Chris Bolinger, a product marketing manager for Cisco Systems Inc.'s wireless network business unit, said that because access points may be decrypting signals from multiple devices, they will need hardware upgrades to avoid significant losses of throughput. Most enterprise class access points that are being manufactured today will be able to use 802.11i with only a software upgrade.
Many newer devices, such as laptops and handhelds, will only need a software upgrade to use 802.11i, since they have enough native computing power to decrypt AES without hurting performance, said Bolinger. He added that many older scanner-type devices that run on DOS won't be able to use 802.11i at all.
That means that, in order to take advantage of AES, many users could be forced to replace significant amounts of hardware, though some products will only require the installation of new radio modules.
This upgrade requirement for hardware that may be no more than 24 months old has left some users frustrated, and even shying away from wireless LAN implementations altogether.
Rick Scholl, an electronic system engineer with the Milwaukee Museum, has put his Wi-Fi plans on hold. The museum wants to install a Wi-Fi system for use by both museum staff and the public, but it has delayed purchasing equipment until after the 802.11i specification is ratified.
"I don't want to make a major investment in a lot of equipment that is just going to become obsolete later," Scholl said.

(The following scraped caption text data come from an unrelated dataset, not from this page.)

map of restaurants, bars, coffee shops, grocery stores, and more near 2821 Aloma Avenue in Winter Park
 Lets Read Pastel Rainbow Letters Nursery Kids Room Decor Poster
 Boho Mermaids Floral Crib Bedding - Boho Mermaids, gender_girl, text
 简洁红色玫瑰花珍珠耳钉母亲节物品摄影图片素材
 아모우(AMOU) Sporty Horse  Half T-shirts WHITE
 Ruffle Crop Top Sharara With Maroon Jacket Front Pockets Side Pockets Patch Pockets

Scholl may be right to wait, Kozup said. 802.11i will be ratified perhaps as early as this summer, he said. Products could be on the market by the fall.
Scholl, however, finds little solace in waiting. He said that the IEEE should be able to find a more secure path for Wi-Fi without requiring costly and expensive hardware upgrades.
Still, Brian Mathews, the publicity chair for the IEEE's 802.11 committee, defended his group's work. He said the Wi-Fi market has already suffered from serious security problems with Wired Equivalent Privacy (WEP), the predecessor to WPA that was widely considered flawed. It is important that the group find the best security solution it can, he said.
"If we don't address security to the fullest extent possible, we'll get slammed as an industry," he said. "Hardware upgrades are unfortunate, but it is unacceptable to have a system that is not secure."
Kozup said that, when 802.11i-enabled equipment is available, businesses will have to segment the network using virtual local area networks to keep traffic with different security levels separate from each other. Using a service set identifiers (SSIDs), which are special wireless LAN naming conventions, administrators can set policies that segregate users based on the forms of security they are using. Those with lower levels of security may have access to less important data.
With so many different levels of security, networks could become more vulnerable, Kozup said. At the very least, they will become much more complicated to manage.